People who volunteer with animal-welfare groups do it because they love animals, but they learn quickly that the work is never done. Consequently, things that other organizations tend to focus on as a matter of course end up being neglected.
“The last thing that we can work on is the website,” said Sarah Schmidt, a volunteer and former board member of Sweet Dream House Rescue “That’s the last thing that we worry about as a rescue.”
Jayme Basil, 27, is trying to pick up the slack by creating Fureverhome.com, a social-media website for animal-welfare organizations that strives “to eliminate the disjointed structure provided for nonprofits today by consolidating everything they need in one user-friendly location.”
Based out of the HCDC Business Center in Evanston, Fureverhome just celebrated its first birthday at the end of June.
Basil, a University of Cincinnati graduate with a degree in digital design, first realized there was a niche for her idea when she was working as a freelance designer and videographer in Los Angeles a few years ago. Basil wanted to find volunteer opportunities to fill her downtime, but the websites of the animal groups she looked into were hard to navigate.

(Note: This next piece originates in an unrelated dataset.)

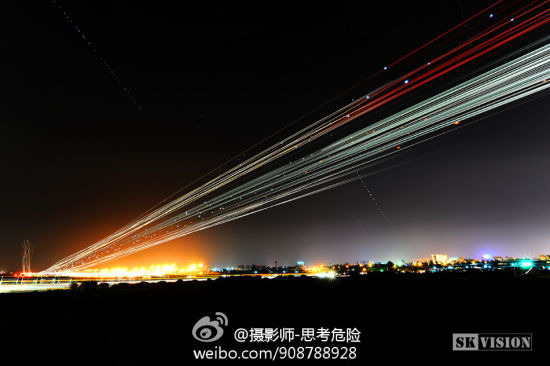 昆明巫家坝机场夜拍航迹，来自@摄影师-思考危险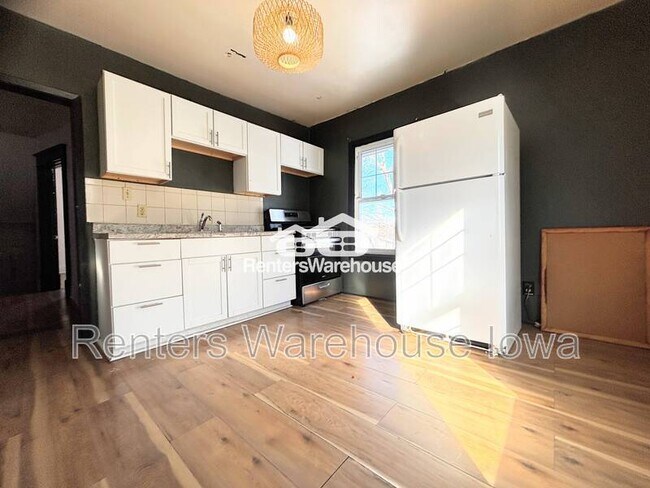 Building Photo - 1171 21st St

“It seemed like all of the animal-welfare organizations’ resources were super-scattered and poorly designed,” Basil said. “So I was, like, ‘Maybe this is what I should do with the time I have off.’ So I started designing it.”
Basil has loved dogs for as long as she can remember. She recalls running down the street in her socks after a dog that had escaped its owner when she was 5 years old. She estimates she’s personally reunited about 30 pets with their owners.
So far, 32 groups have signed on to the website, which helps them identify volunteers, announce events and match animals with new owners. A counter at the bottom of the site shows that more than 1,100 pets have been adopted, thanks to Fureverhome.
Sweet Dream House Rescue was the first organization Basil got to sign up. Basil had adopted a dog from Sweet Dream, which Schmidt describes as a “last-ditch rescue” that pulls dogs from high-kill shelters in the rural parts of Ohio, Kentucky, and beyond.
Basil and Schmidt became fast friends, and in August, Basil organized PsycHOPuppy Yappy Hour, a fundraiser for Sweet Dream held at MadTree Brewing Company. The event was such a success, the second annual PsycHOPuppy will be held July 25.
Fureverhome-led events like PsycHOPuppy will continue to be a part of the business, Basil said. She envisions renting out Washington Park in August 2017 to hold a huge pet adoption event, a goal she acknowledges is pretty ambitious.
“I tend to get ahead of myself,” Basil laughed.
Fureverhome is a work in progress. Basil is working on a mobile app, but development is slow going. The company isn’t monetized yet, but Basil envisions charging modest animal-adoption application and processing fees to keep the site running and growing. Donations to a recently approved Fureverhome Foundation nonprofit are starting to come in, though, which is cause for encouragement.
Fureverhome is fighting an uphill battle against entrenched animal adoption websites like PetFinder and AdoptAPet. But Campbell County Animal Shelter Director Lisa Bowman thinks that Fureverhome will become a player going forward.
“I think once people start to notice that website, it’s going to be a huge success to get these animals out,” Bowman said. “It just needs a little more publicity.”
In the meantime, the focus is to continue to get more organizations in Cincinnati on board, and then move into other markets.
Eventually, Basil wants to take Fureverhome to Austin, Texas, one of the most pet-friendly cities in the country.